If you feel stressed going straight from cranking up the heat to turning on the air-conditioning, imagine how all those Mother's Day gift plants feel. Pity the poor petunias, impatiens and begonias.

“All those hanging baskets people get for Mother's Day, if they were under an eave, they are probably OK. But if they got frosted, you're going to see it,” says Kris Bachtell, vice president of collections and facilities at the Morton Arboretum in Lisle, where temperatures dropped to 30 degrees early Monday. “If you already planted your pepper or tomato plants, you might not like it.”

The Aurora Municipal Airport in Sugar Grove reported 29 degrees. Temperatures dipped to 33 in Barrington, 32 in Elgin and West Chicago, and 30 in Mundelein, McHenry, Waukegan and Lisle, as pockets of the suburbs suffered frost.

“Everybody knows I know plants, so I was making home visitations like a doctor would,” Bachtell says of the Naperville neighborhood where he lives. “My oregano, my geraniums, I brought those in.”

He advised neighbors to cover their pepper and tomato plants with tents made of bed sheets to trap the warmth of the ground and keep frost off the plants. Of course, Bachtell's plant prescription for today, when temperatures are expected to rocket into the mid- to upper 80s, is the direct opposite.

“You've got to take those structures off so the plants don't get too hot,” he says. “These are stressfully odd times.
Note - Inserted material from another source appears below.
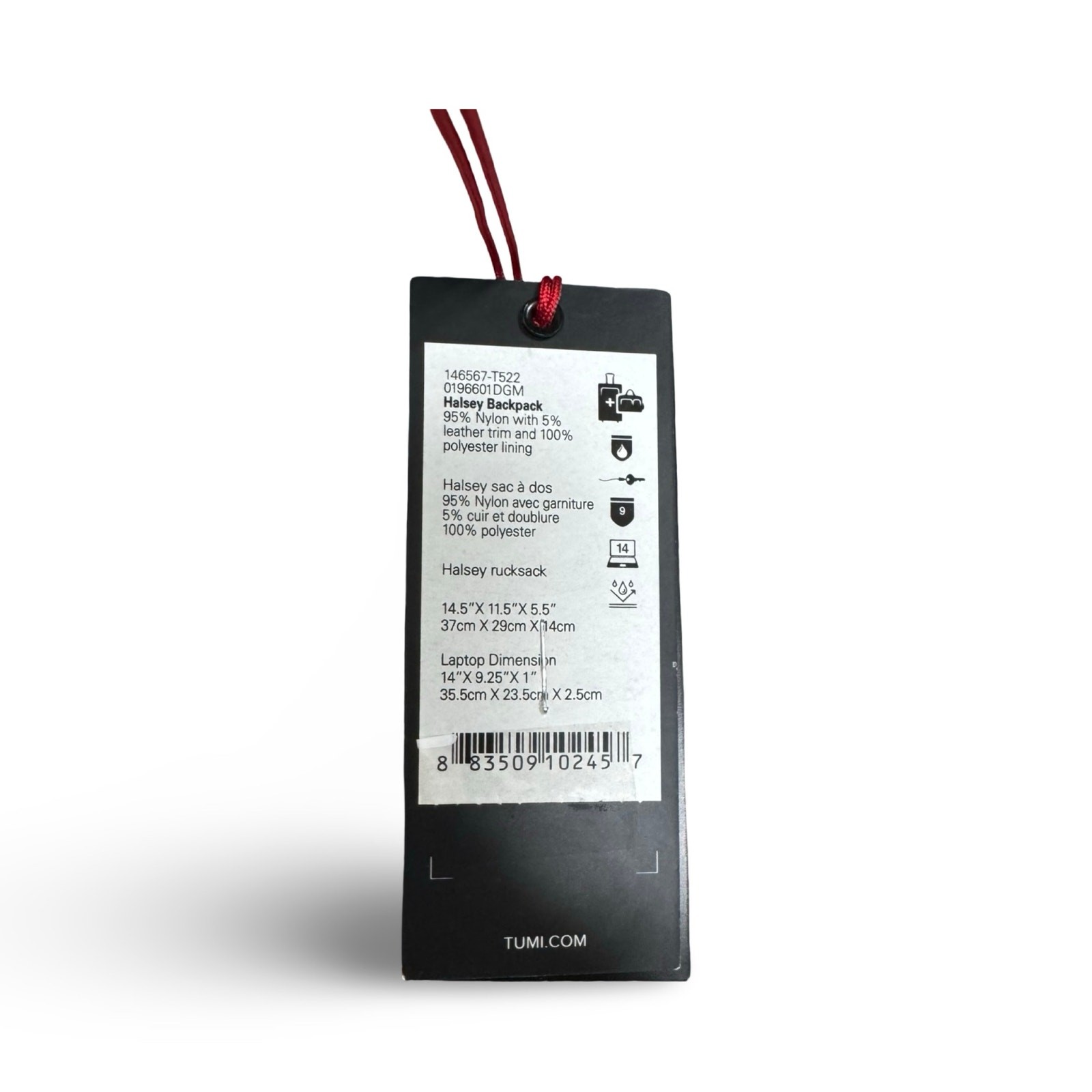 Tumi Voyageur Halsey Backpack - Black/Gunmetal (Preowned)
Plants have to be extra hearty here.”

Not all of the thousands of plants at Goebbert's Farm & Garden Center in South Barrington are equipped to handle the extremes.

“The night before, we lost a couple of pepper plants that were left out, “ says Goebbert's manager Sue Murdock, who had staff members bring plants inside or cover them at night with burlap bags until Monday's warm-up. Mother's Day is the traditional start of planting season, but Murdock says customers were told to hold off until this week.

“Now, I'm getting itchy. I haven't planted anything yet,” says regular customer Doreen Kwasek of South Barrington, who put off buying a cartload of hydrangeas until Monday.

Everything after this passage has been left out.